I have been on Effexor (150 mg) now for about 3 1/2 years and have tried to go off of the drug twice now with no success.

The first time I was stupid and tried to do it myself cold turkey....well that turned out to be a big mistake.  It's hard to even explain what I went through.  When I think back to it, it seems so cloudy and hazy, but I recall the sick feeling in my stomach, the nightmares that would continue from where they left off when I would be lucky enough to fall back asleep, the aromas of certain foods that would make me feel like throwing up, the crying and the thoughts of wishing I were dead as it would be alot better than feeling the way I was feeling.  My doctor had me go back on them two days later.  I was so desperate to feel better that I didn't argue with him.  This happened only after being on the drug for four months....that's pretty scarey!

After about a year I thought I would try again.  This time I went to the doctor and he said we would slowly try to get me off of it this time.  From the 150 mg I had started with, he cut me back to 102.5 mg for three weeks.  I had no withdrawl symptoms at that dose.  Then he cut me back to 75 mg for two weeks....was also fine on that dose.  Then I was down to 37.5 for about a week...was still ok...until the first day that I went without anything....I was right back to where I started with those awful withdrawl symptoms.  I have read in everyone's comments about how the doctors should be warning us about how hard it is to get off of this drug before they so easily put us on it.  And I agree 100%.  Had I known what I know now....I really don't know if I would have gone on this drug.  Sure it made me feel better...but it also helped me gain nearly 40 pounds, makes me sweat some days so bad I feel like I am melting, makes me want to sleep 24/7 and sometimes I think it has made me too relaxed!
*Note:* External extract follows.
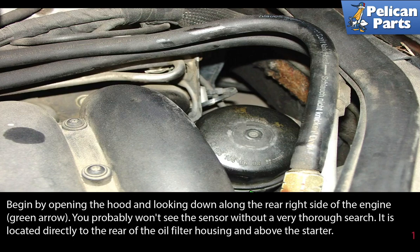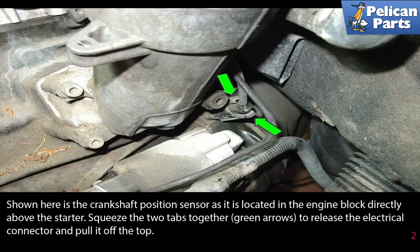Begin by opening the hood and looking down along the right rear side of the engine. You probably won't see the sensor without a very thorough search. It is located directly to the rear of the oil filter housing and above the starter. Shown here is the crankshaft position sensor as it is located in the engine block directly above the starter.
So I am here to tell you all that I am trying this again.  I went to the doctor last week, told him I want to get off of this drug and I suggested that when I got down to the 37.5 mg dose that maybe he could switch me to something else, also a low dose, that wasn't as difficult to get off of.  His response...."Oh they are all the same".  You know, after a while you just get too tired to argue with them!!!!!

So this is what I am doing.  He told me to start out with 3 x 37.5 mg pills a day for 3 weeks.  Being stubborn...I have started out with 2 x 37.5 mg a day.  Today is Tuesday and I started this on Saturday so its been 4 days now and I am feeling fine...was a little cranky today at work...but other than that....nothing too bad.  I have also noticed that in the past few days I am not sweating like I was when I was on the 150 mg.

I am going to stay on this dose for 3 weeks and then will cut back to the 37.5 mg dose for 3-4 weeks.  After that, will try taking 37.5 mg every other day.

I will keep you all posted on my journey and hope that something I have said or something I do will help someone out there...cuz I know how bad this drug is.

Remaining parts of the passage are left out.